Records for this exercise START
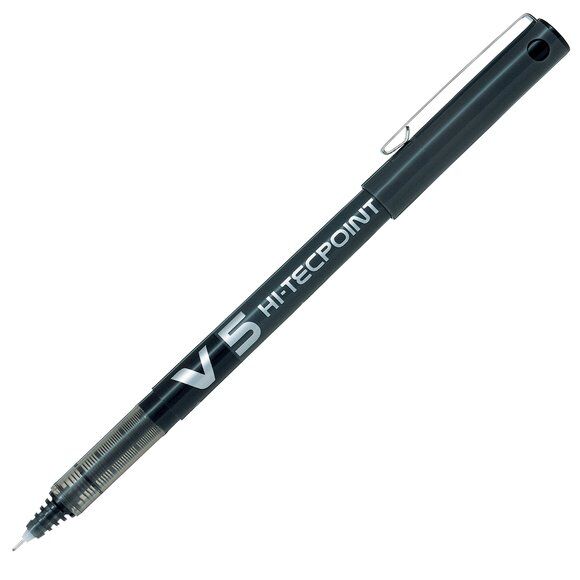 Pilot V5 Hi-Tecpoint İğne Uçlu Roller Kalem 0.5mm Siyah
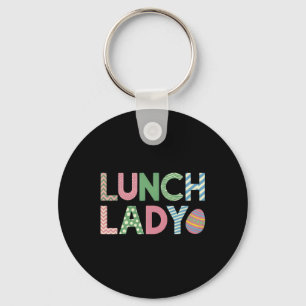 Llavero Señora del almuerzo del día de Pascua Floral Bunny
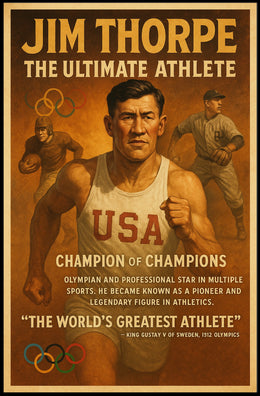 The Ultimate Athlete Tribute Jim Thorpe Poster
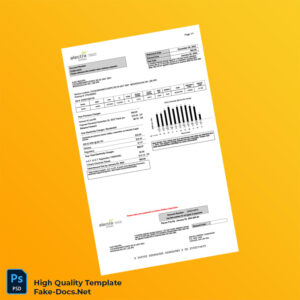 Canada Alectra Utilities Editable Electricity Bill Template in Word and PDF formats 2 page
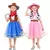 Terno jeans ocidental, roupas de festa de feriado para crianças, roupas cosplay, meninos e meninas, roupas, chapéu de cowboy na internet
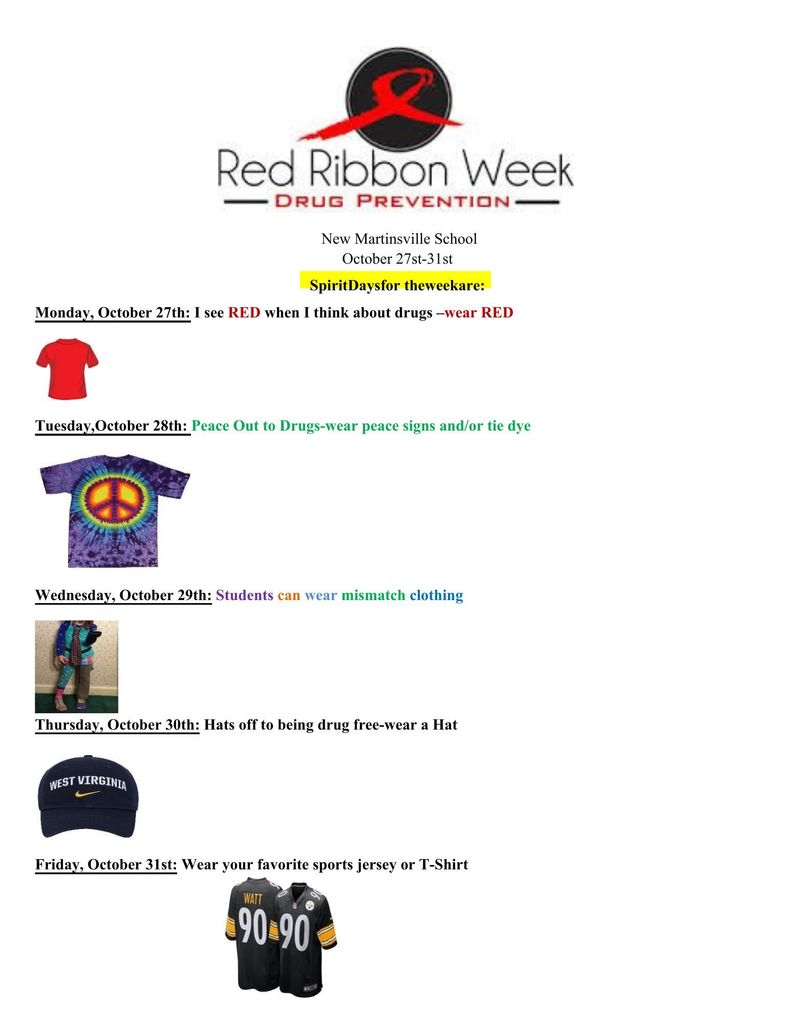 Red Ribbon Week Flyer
Records for this exercise END
Records for this exercise START
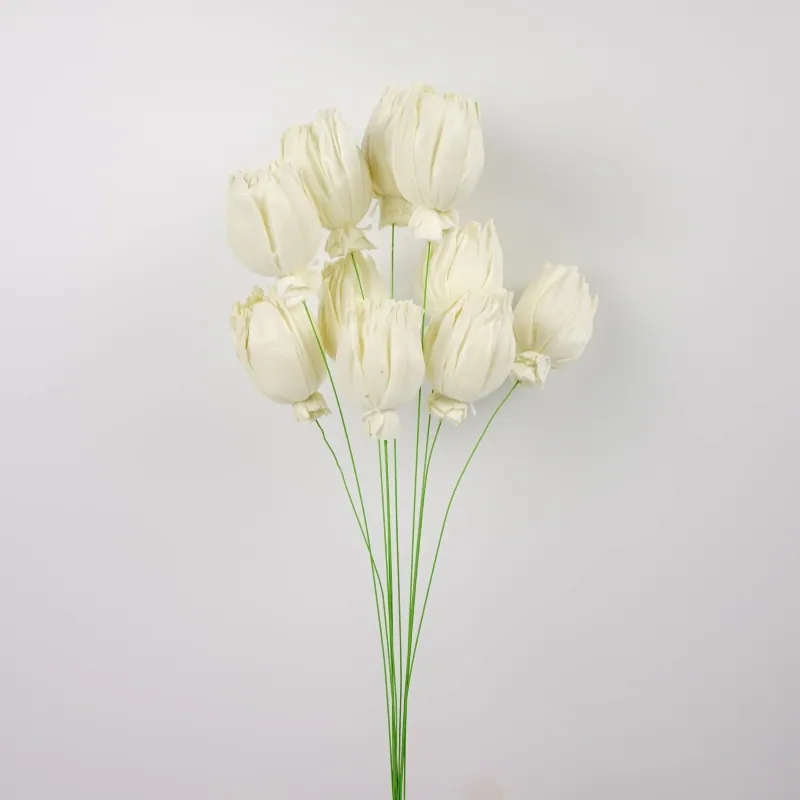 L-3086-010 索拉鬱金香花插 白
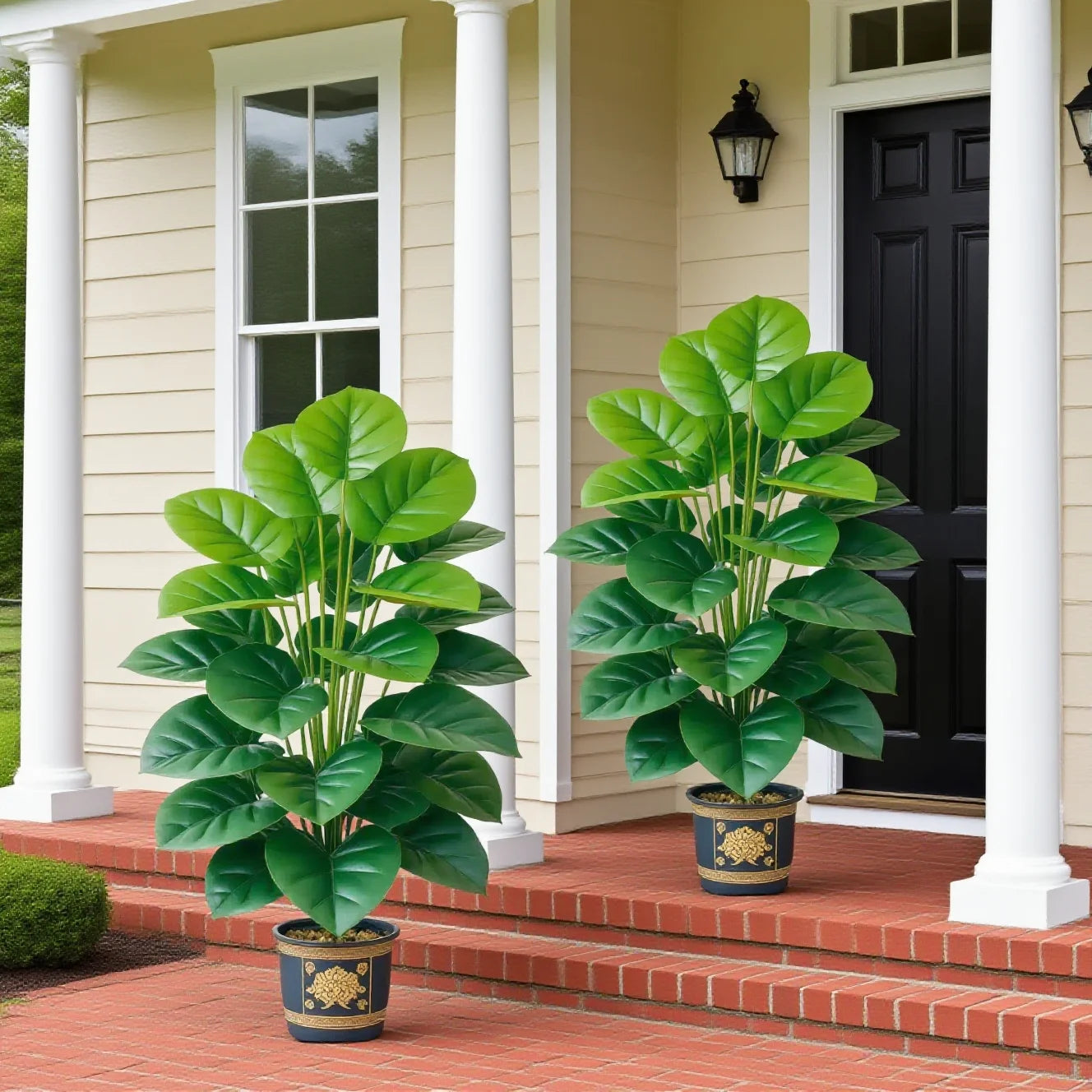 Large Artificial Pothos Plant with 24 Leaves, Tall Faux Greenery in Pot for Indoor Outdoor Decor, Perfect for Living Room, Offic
Records for this exercise END
Range to print from the listing above: from the line with "Pilot V5 Hi-Tecpoint" up to and including the line with "Red Ribbon Week Flyer". Please print those lines exactly, with no pictures and nothing more.

 Pilot V5 Hi-Tecpoint İğne Uçlu Roller Kalem 0.5mm Siyah
 Llavero Señora del almuerzo del día de Pascua Floral Bunny
 The Ultimate Athlete Tribute Jim Thorpe Poster
 Canada Alectra Utilities Editable Electricity Bill Template in Word and PDF formats 2 page
 Terno jeans ocidental, roupas de festa de feriado para crianças, roupas cosplay, meninos e meninas, roupas, chapéu de cowboy na internet
 Red Ribbon Week Flyer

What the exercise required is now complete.